Design Basics: An Introduction
Last updated: April 2019
With the new introduction of our VIPBuilder platform, we figured it would be a good chance to brush up on those design basics. Starting with an introduction into the use of colour.
Colour combinations are very important and can be the maker or breaker of designing a website. Complimentary colours, in essence, are colours at opposite ends of the colour wheel. For example, the complementary colour to yellow is purple, this is a quick and easy way to develop an association with your branding in a visually pleasing way.
Mixing complementary colours can make each individual colour appear brighter and more vibrant. This is due to each set of complementary colours being a mix of one cool and one warm colour. Bringing balance to each and creating a contrast.
You can use a tool like the colour calculator here to quickly and easily find suitable colours for your design and their associated complimentary colour!
An often overlooked aspect of your website is the font. Being so caught up in ensuring the website functions and displays the way you intend it to can make it hard to notice these small details that really bring a website together. Typography is a very powerful tool that can be used to subconsciously convey certain moods and ideas about your website and brand regardless of the content. Below are some examples of font styles and what they convey.
Serif: Traditional, Comfortable, Neat
Sans Serif: Clean, Stable, Modern
Script: Elegant, Creative, Affectionate
Modern: Strong, Progressive, Stylish
Display: Friendly, Unique, Expressive
The sizing of your font is just as important as the style. If you choose randomly you will lose harmony across the website and create a chaotic feeling as users read and navigate. Instead, try to stick to the below font sizes (in px) to keep everything in proportion. 16px is ideal in most cases for your main body text.
Recommended Font Sizes: 8, 16, 24, 32, 48, 64, 95
Another important factor is comfort. Whilst it may seem positive to apply a zany extravagant font to symbolise your brand’s nature you need to ensure the font used is comfortable to read for long periods of time. Creating a design that actively fatigues users is counterproductive to making your website a positive experience.
That’s why typography is so important and why it’s an important decision worth taking some time on. You can always get friends and family to read paragraphs to let you know how they found the overall legibility of your chosen designs. One way to get the best of both worlds may be to use a more engaging font for your headlines and logo but choosing a more comfortable font for body and text. Just try to avoid over cumbering your website with too many font choices, two to three should be plenty for most websites and designs.
Don’t let all your hard work get ruined by a blurry image! Getting your images crisp and clear without overloading your website with long load times and storage space can seem like a fine art. Luckily there are tools and processes you can use to help along the way.
What to use and where:
JPG is the most common image format by far and still one of the best choices for photos and images with millions of colours. However due to the “lossy” compression style of JPG images, when saving a JPG repeatedly a visible damage to the image itself can accumulate to the re-saved JPG over time. These are referred to as “artifacts”. you should always keep an original on hand as the image will degrade the more it is saved.
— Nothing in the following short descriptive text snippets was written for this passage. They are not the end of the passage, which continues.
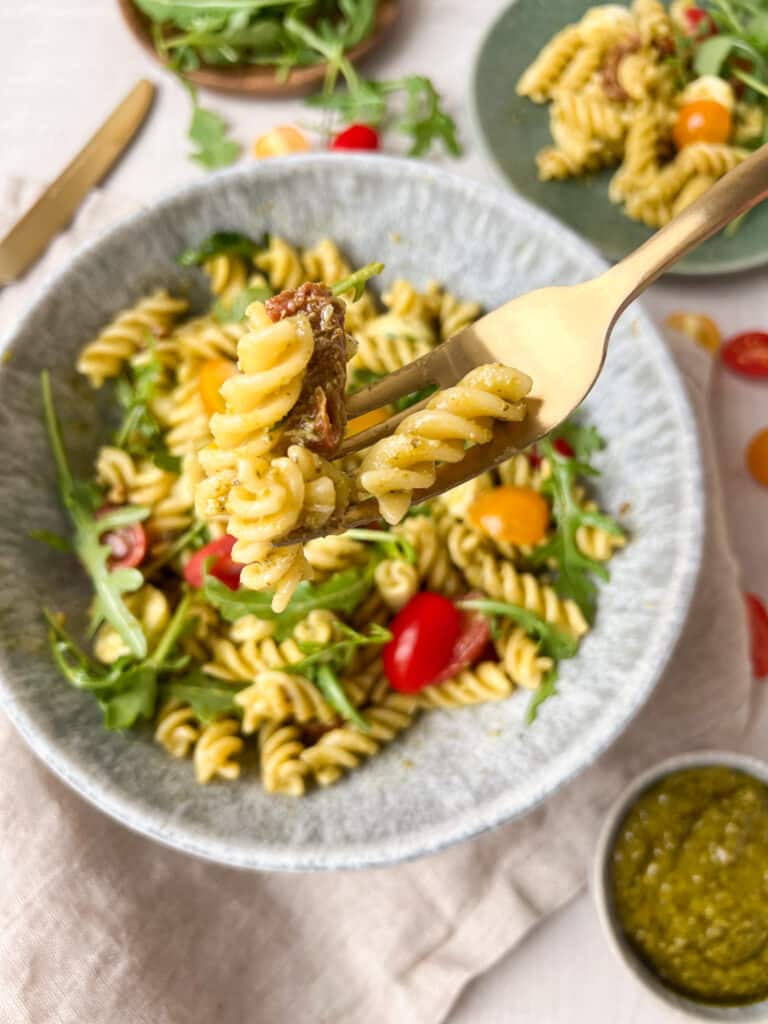 Italienischer Nudelsalat mit Gabel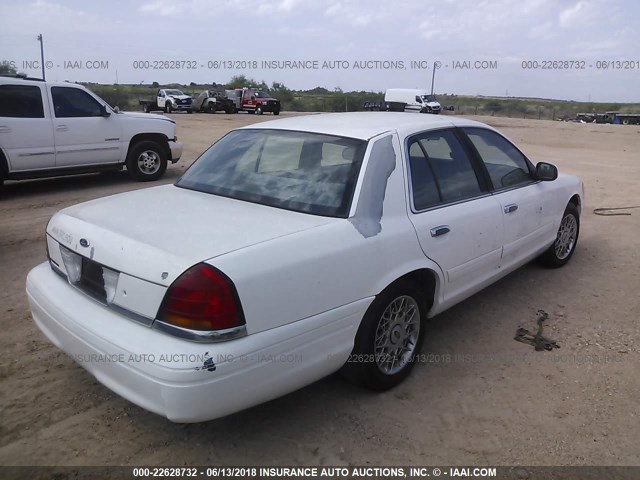 2FAFP73W02X103783 - 2002 FORD CROWN VICTORIA  WHITE photo 4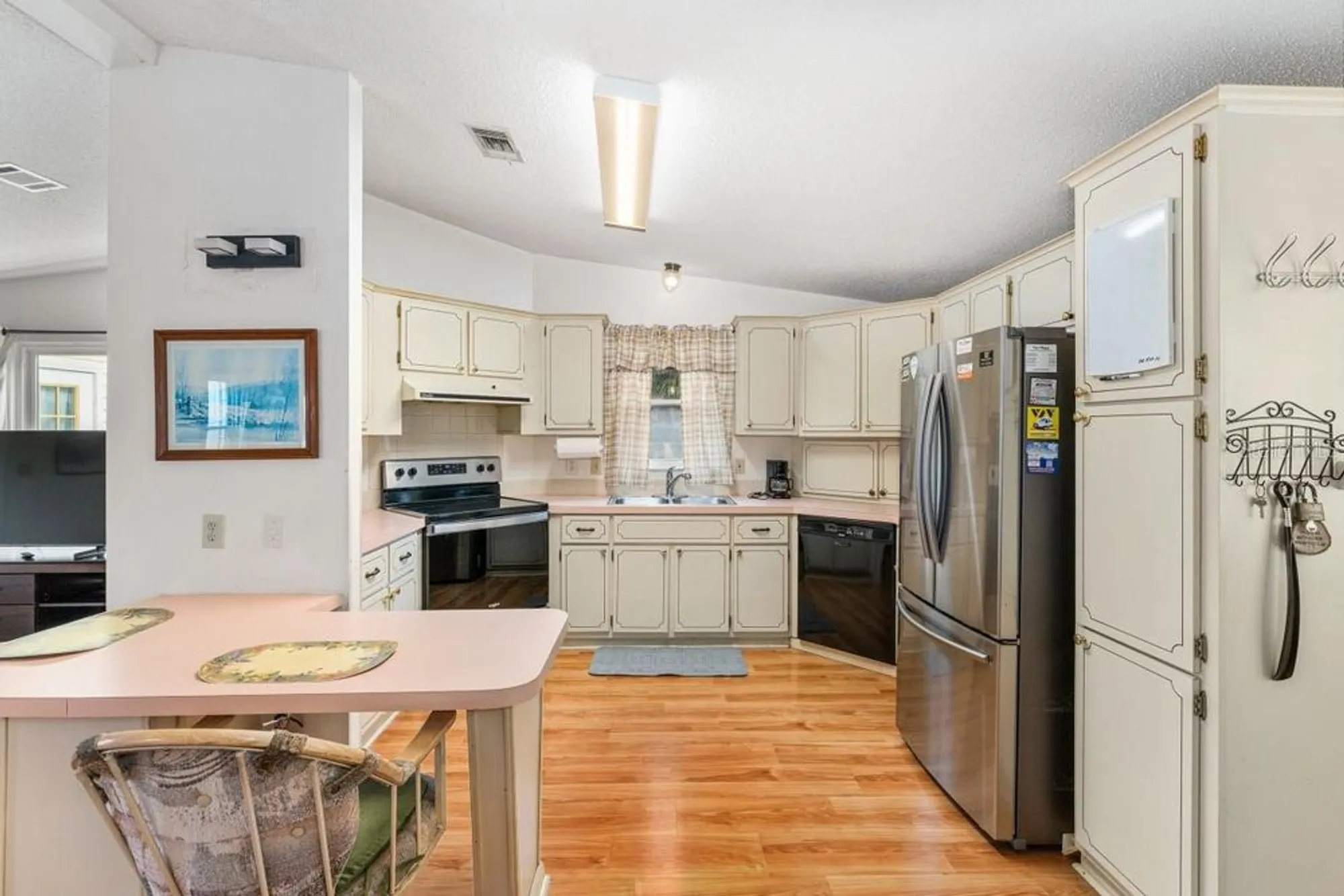 Property Slideshow image 8 of 21 | 1117 paradise dr, Lady Lake, FL, 32159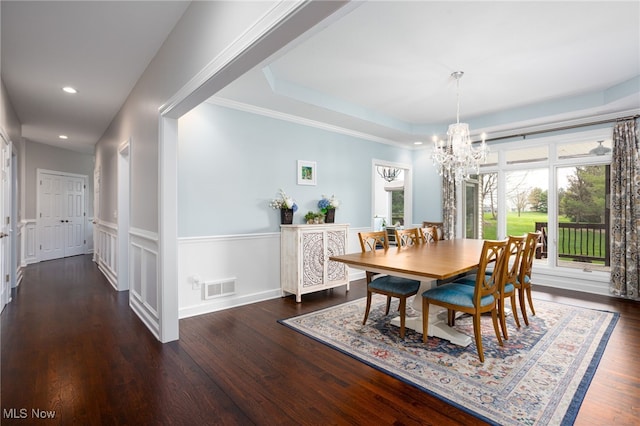 dining room with recessed lighting, a notable chandelier, wood finished floors, and visible vents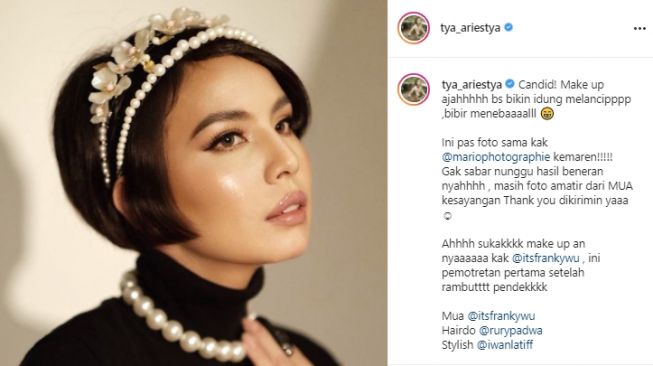 Potret Tya Arietya usai potong gusi. [Instagram/tya_ariestya]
PNG formats are very versatile and feature a “lossless” compression so unlike JPG images you can save and alter these as much as needed without further degradation due to compression. This makes PNG files most suitable for text, graphics and logos or any image using less than 16 colours. They also support transparency which can be very important for the continuous use and ease of adding logos, watermarks or other consistent graphics across your website and content.
TIF files are the highest quality you can use but come at the cost of significant file sizes! Unless you’re exporting content across your website for commercial print work you wouldn’t want to use this format on the website itself without incurring negative effects like increased load times and storage use. However, they are great to keep on hand locally stored especially if you have generated JPG files from them as you should always re-save a JPG from the original TIF file where possible to avoid the “lossy” compression ruining the image.
SVG files or scalable vector graphics are an image file as the name suggests with full scalability, the image is actually represented in the file as text which is translated to form the image. As a result, it can be manipulated and shrunk or enlarged at will without quality loss. This makes it an incredibly versatile file type perfect for re-occurring and often changing images on your website such as icons and logos. Once designed you can post or print your logo anywhere from the footer of your website, to a billboard across the highway.